On the other hand, from our experience with link building work, we can tell you that good backlinks (ones that actually move rankings) usually have the following characteristics:
- They come from trustworthy websites – This is why links from sites like TechCrunch, Business Insider, etc., are so valuable. They send valuable trust signals to your site and tell Google that your stuff is legitimate. If you think about it, this makes a lot of sense. Humans are trusting the things they read on these sites, so why shouldn’t Google?
- They contain relevant anchor text – The backlinks that have the biggest impact on your rankings contain anchor text that aligns with the keywords you’re trying to rank for. However, we want to be careful about overusing these anchors. Google has fail-safes in their algorithm, such as Penguin, to prevent people from being able to manipulate their rankings too easily with their link profile.

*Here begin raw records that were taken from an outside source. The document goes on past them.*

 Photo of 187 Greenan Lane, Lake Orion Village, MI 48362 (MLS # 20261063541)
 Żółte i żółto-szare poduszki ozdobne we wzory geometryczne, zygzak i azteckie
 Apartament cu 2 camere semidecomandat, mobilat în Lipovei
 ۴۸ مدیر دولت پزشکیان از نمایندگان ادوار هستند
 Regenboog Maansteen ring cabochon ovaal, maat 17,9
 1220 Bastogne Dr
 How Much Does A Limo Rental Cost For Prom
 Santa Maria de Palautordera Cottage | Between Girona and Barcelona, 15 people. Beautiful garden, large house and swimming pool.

- The sites or pages linking to you are topically relevant – This is probably one of the most important factors. Google knows that the people who are looking for the topics you’re writing about are most likely reading other blogs, as well. They know what other keywords your audience is searching for and what other sites they’re visiting—so getting links on these sites will have a significant impact on your rankings.
- The link is “dofollow” – Google and other search engines ignore links with the “nofollow” tag attached to it. “Dofollow” isn’t really a thing. It just means the link doesn’t have a “nofollow” tag.

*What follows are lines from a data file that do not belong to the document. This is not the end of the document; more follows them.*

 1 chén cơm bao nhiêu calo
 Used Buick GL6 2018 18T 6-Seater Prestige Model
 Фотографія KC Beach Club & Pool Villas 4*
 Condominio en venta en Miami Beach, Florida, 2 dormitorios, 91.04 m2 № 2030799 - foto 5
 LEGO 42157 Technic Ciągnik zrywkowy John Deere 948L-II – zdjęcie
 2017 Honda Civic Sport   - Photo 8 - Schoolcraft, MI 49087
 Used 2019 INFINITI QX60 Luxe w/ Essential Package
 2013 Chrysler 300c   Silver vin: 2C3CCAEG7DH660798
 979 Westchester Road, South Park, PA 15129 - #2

- The links are editorially placed – This might be the biggest thing Google is looking for. They’re using linking signals to rank sites since links are how they can see what pages people are backing up online. And editorial placements are tough, since securing them involves persuading people to link to something you made because they think it’s awesome.
So, what’s a good way to measure link acquisition? By measuring the cost per link over a longer period of time.
But not as a way to determine who you should work with for link building.
Instead, it’s a way to figure out what it costs to get a single backlink in your niche, for your site, so you can make better decisions about where to invest your link building efforts.
According to Siege Media, the average cost per link for outreach-driven link building can be as high as $1,000.
However, with a solid linkable asset, you can eventually drive down the cost per link over time with natural link acquisition, as they explain in this section:
Therefore, definitely look at your cost per link, but use it to make directional decisions, rather than to decide who you invest in for this type of work. Any expert or agency who does it legitimately will probably be within a cost-per-link range of $500-$1,000.
Conclusion
Hopefully, after reading this, you have a way to accurately measure the ROI of your SEO and make well-informed decisions based on different KPIs.